■ **YOUR GOAL**
Each line below must be transcribed exactly, and no picture may appear in the transcription.

Web page caption snippets:

__________

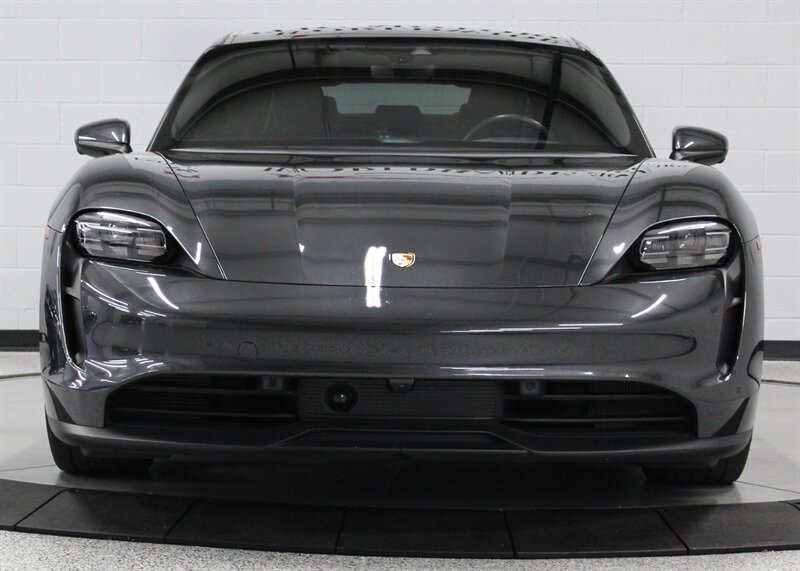 2022 Porsche Taycan photo 2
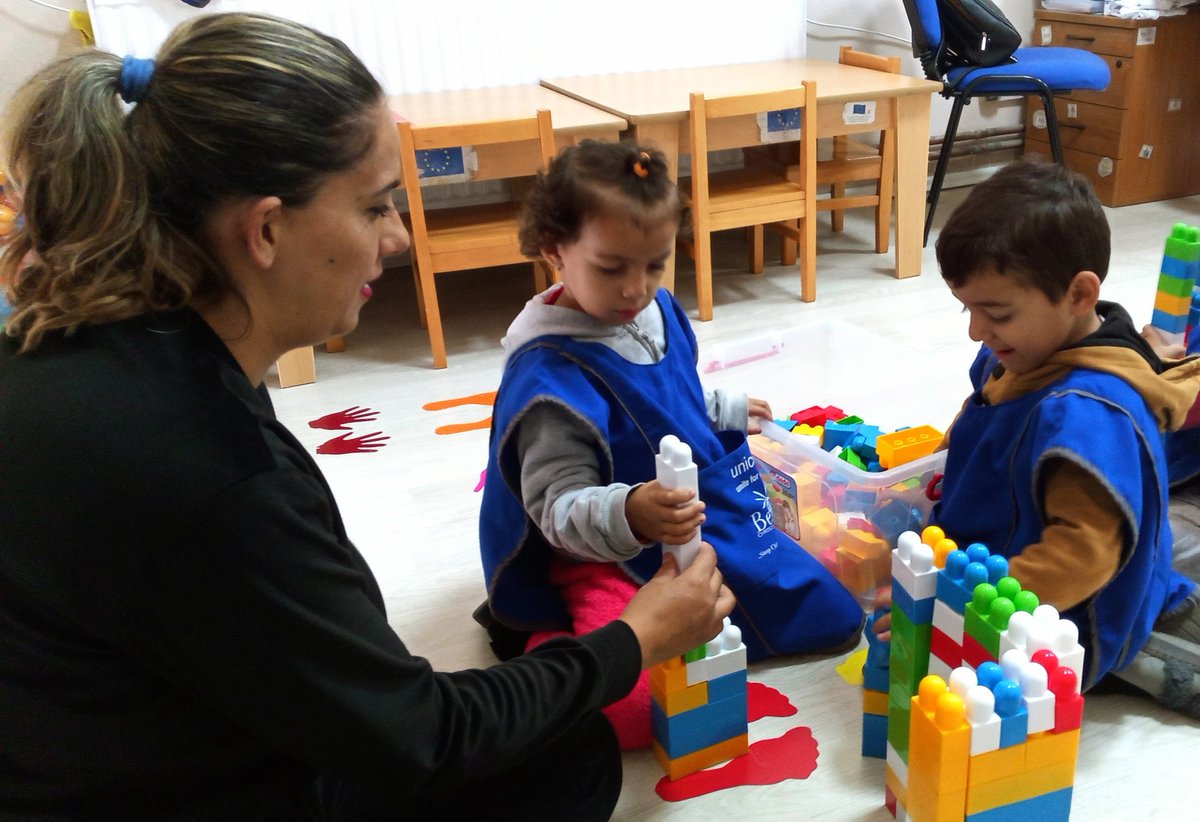 KosovaBethany's tweet photo. Parents are a child's first and most important teacher. 👪
By taking an active role in the early childhood education process, parents can help ensure that their child has all the support they need to develop to their full potential. 🧑‍🎓
@UNICEFKosovo https://t.co/3MokzjGzXO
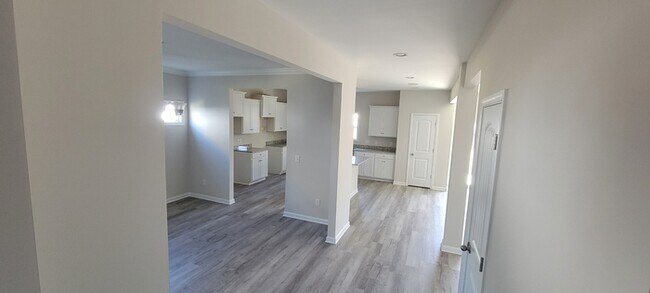 Building Photo - Brand new 5 bed room home in Chapin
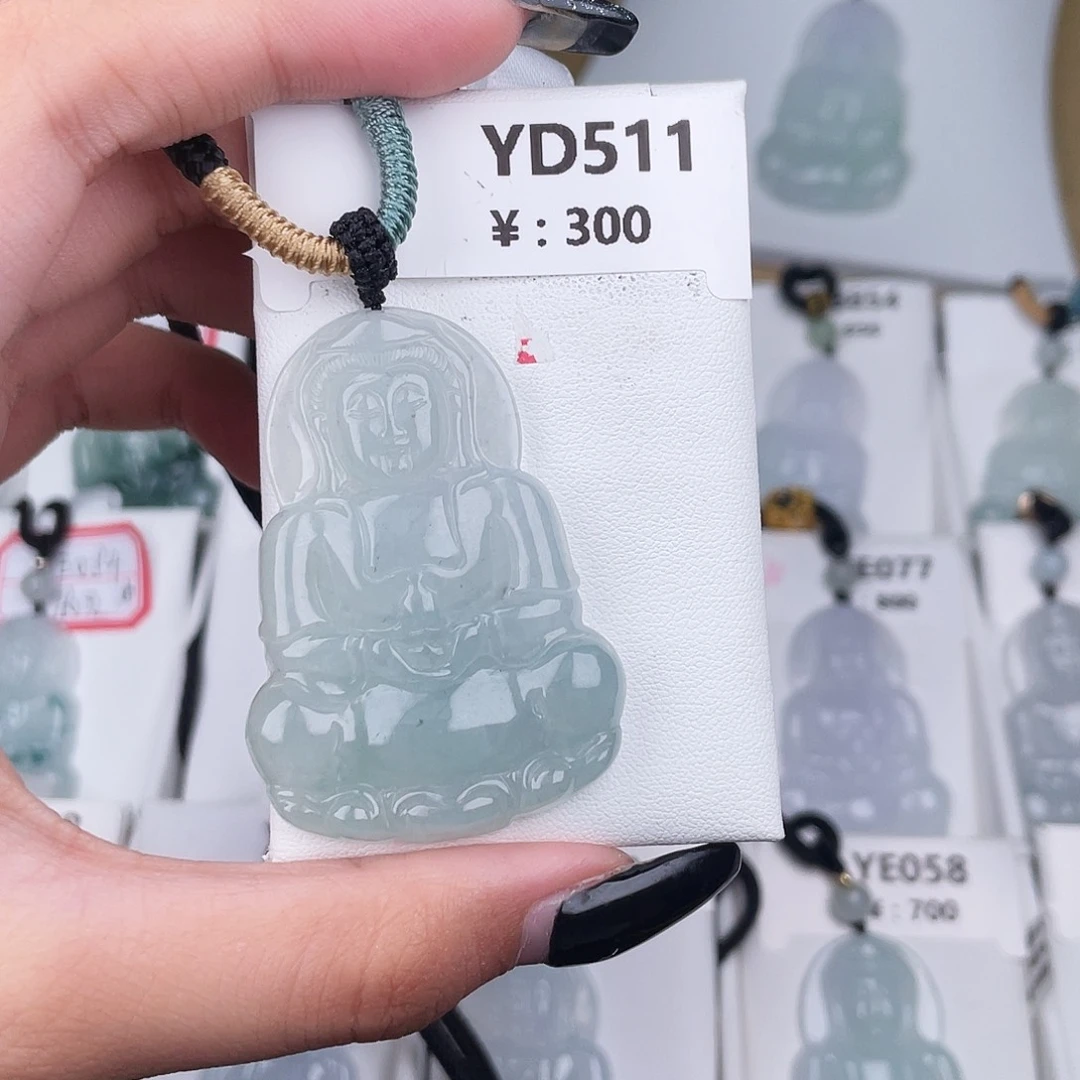 翡翠未镶嵌颈饰YD511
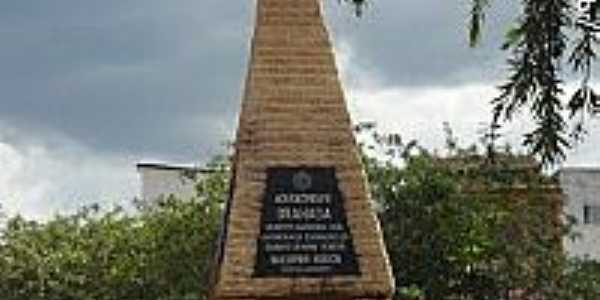 Monumento em homenagem ao Imigrante Italiano em Nova Vencia-ES-Foto:Sergio Falcetti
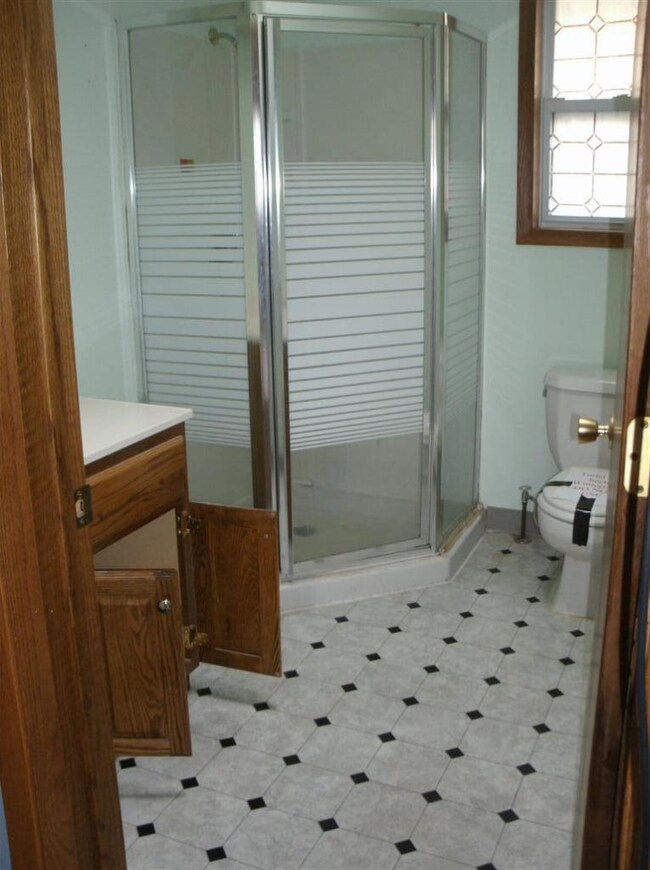 1115 W 1st St. Bathroom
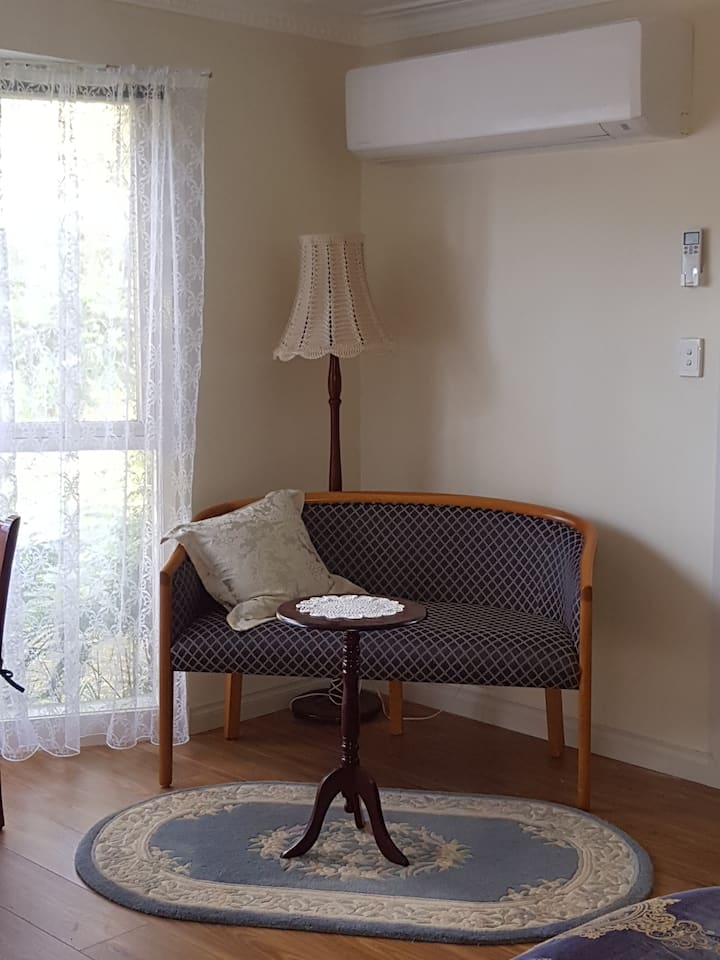 Studio In The Foothills - City of Knox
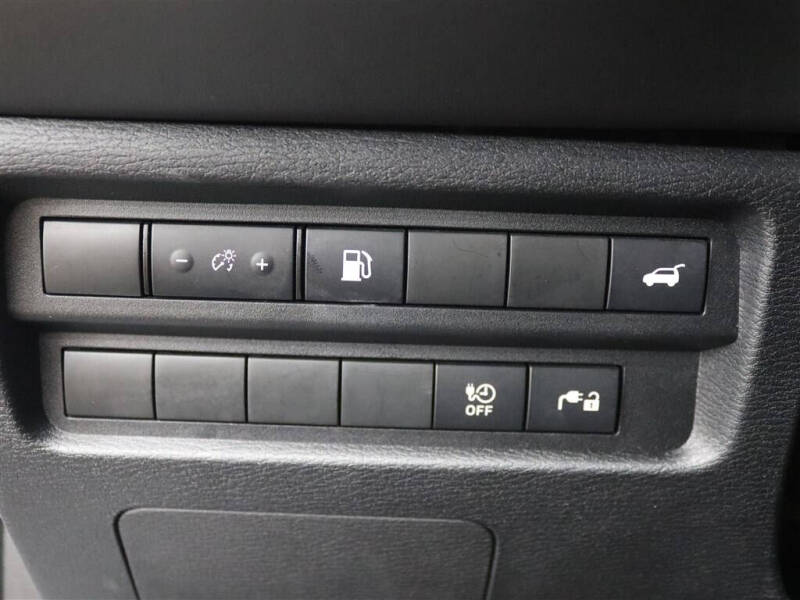 2024 Mitsubishi Outlander PHEV SE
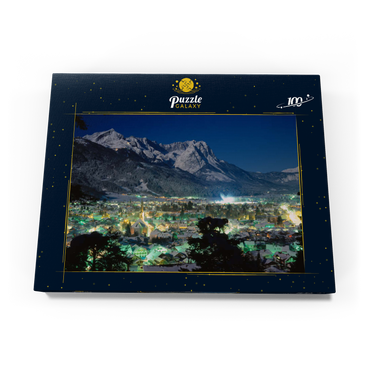 Blick über Garmisch-Partenkirchen zur Zugspitzgruppe (2962m) bei Nacht, Oberbayern 100 Puzzle Schachtel Ansicht3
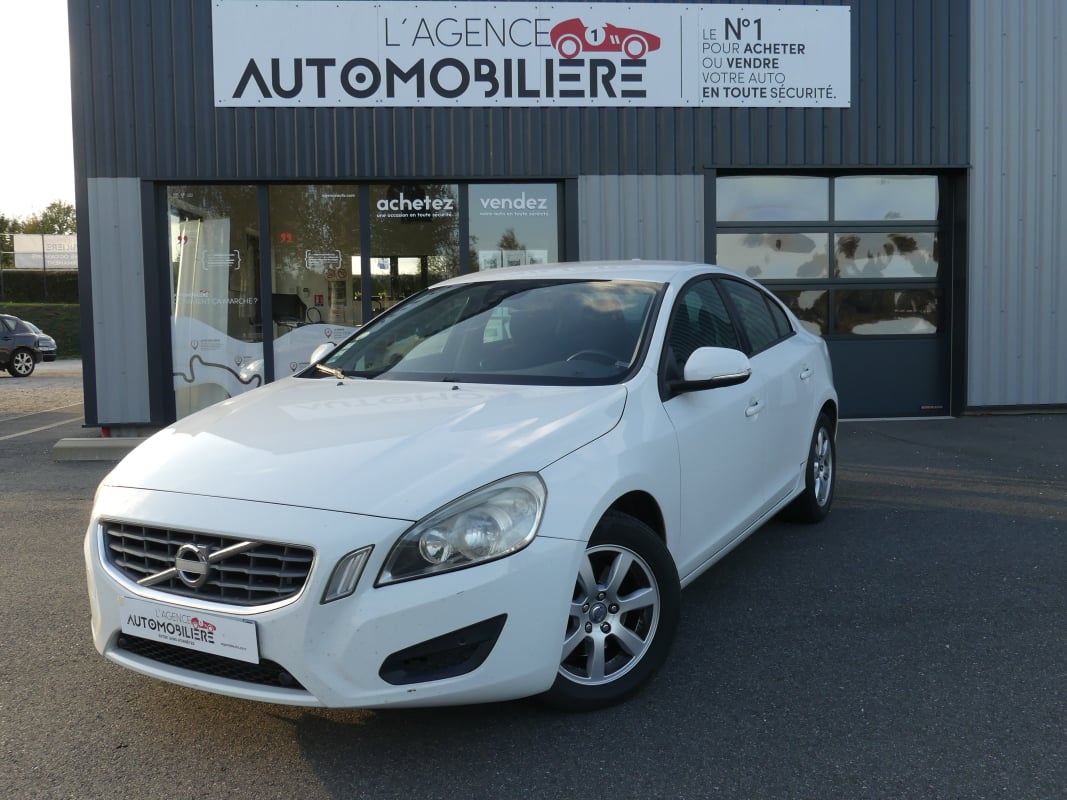 Volvo S60 163 CV KINETIC BUSINESS GEARTRONIC — 1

__________

■ **RESULT FOR THIS TASK**
 2022 Porsche Taycan photo 2
 KosovaBethany's tweet photo. Parents are a child's first and most important teacher. 👪
By taking an active role in the early childhood education process, parents can help ensure that their child has all the support they need to develop to their full potential. 🧑‍🎓
@UNICEFKosovo https://t.co/3MokzjGzXO
 Building Photo - Brand new 5 bed room home in Chapin
 翡翠未镶嵌颈饰YD511
 Monumento em homenagem ao Imigrante Italiano em Nova Vencia-ES-Foto:Sergio Falcetti
 1115 W 1st St. Bathroom
 Studio In The Foothills - City of Knox
 2024 Mitsubishi Outlander PHEV SE
 Blick über Garmisch-Partenkirchen zur Zugspitzgruppe (2962m) bei Nacht, Oberbayern 100 Puzzle Schachtel Ansicht3
 Volvo S60 163 CV KINETIC BUSINESS GEARTRONIC — 1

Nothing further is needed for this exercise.